We have a vibrant base of small but effective community-based innovators in child welfare today. But I fear that the traditional public and private partners are looking past them.
Community-based family preservation and support programs have been inventive and effective. They have tremendous potential to shape the direction of child welfare’s future and should be influencing the direction of our systemic change efforts. I think we should reconsider why we underestimate the power of these programs and start applying the lessons learned to our transformation agenda.
Many of our colleagues are fixated on a Big Bang theory, believing we can pull the rug out from under a century of public and privately delivered child welfare services that are based on the premise that everyone is a client until proven otherwise. In reality, the value of small but powerful service models is worth our full consideration. Build from the ground up and learn as we go.
I was reminded about this when a friend sent me this email:
“…A first-time mom knew to come to our family resource center because although she had a crib, she had no mattress and no money to purchase one. The staff person reached out to me and my community relations person about what we can do today.
Within two hours, a volunteer drove to the main building and picked up a new Pack ’N Play for her that we paid for using TANF [Temporary Assistance for Needy Families] funds and prevention grant funds from the county. I see that as possibly preventing a removal or death…and I love that she knew where to go.”
Initially, I thought this anecdote captured a precious moment when our child welfare colleagues got out in front of a crisis and a professional helper earned more neighborhood trust. It highlighted the value of accessible, highly regarded services, the involvement of community residents and volunteers as partners, and the use of flexible dollars. It was a proactive approach, more relational, less transactional. These stories give us hope.

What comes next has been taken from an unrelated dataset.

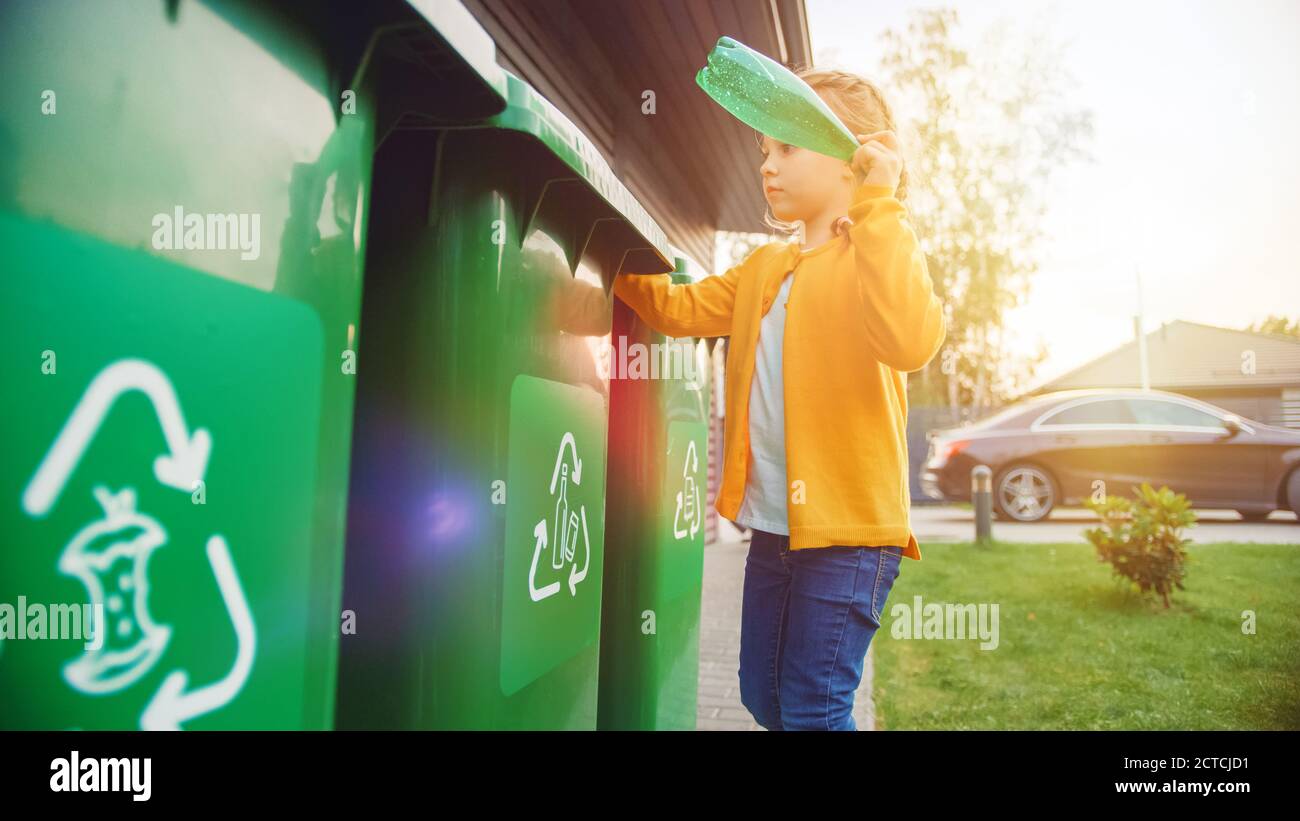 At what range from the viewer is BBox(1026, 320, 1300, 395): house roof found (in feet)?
83.4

But my friend and I had a similar observation: Shouldn’t this type of common sense interaction happen so frequently as to not be inspiring? Many of us have spent countless hours in the past year talking about the implementation of the Family First Prevention Services Act, which will boost investment in evidence-based services to prevent the use of foster care. But after years of advocating for accessible, family friendly approaches, supported by federal funding and policies, why are we making it so difficult to develop and implement these? Why are we missing the richness of what happens every day in these discreet neighborhood spaces?
Are we setting the bar too high for ourselves, creating a mega-child welfare to-do list to address every intractable social problem that is beyond our scope? Instead, why not consider expanding these small-scale approaches that embody both community collaboration and a social justice component?
Compared to what we know is possible, we have few enduring accomplishments and we have not gone beyond what we envisioned with other pieces of legislation. The track record on task completion and sustainability is poor. We have lived through every cycle of big-picture solutions — orphanages, foster care, family preservation, permanency efforts, enhanced risk assessments, alternative response, kinship care and primary prevention — but we remain stalled in our efforts to enhance child safety and family well-being outcomes.
Systemically, we are still struggling to distinguish between chronic neglect and short-term family stability issues based on poverty. If you ask a skilled professional in a community-based family support setting, they will make the distinction in a moment.
The small tests of change happening every day in communities provide us with a solid foundation for understanding our future. They might not have all of the answers but they do contain the collective wisdom of local change makers. Wouldn’t it be wiser to build up from those models and see where that takes us? The reality is that we could learn how to scale and sustain this work in the same way that other successful innovators have done — taking each informed, trial-and-error step after another.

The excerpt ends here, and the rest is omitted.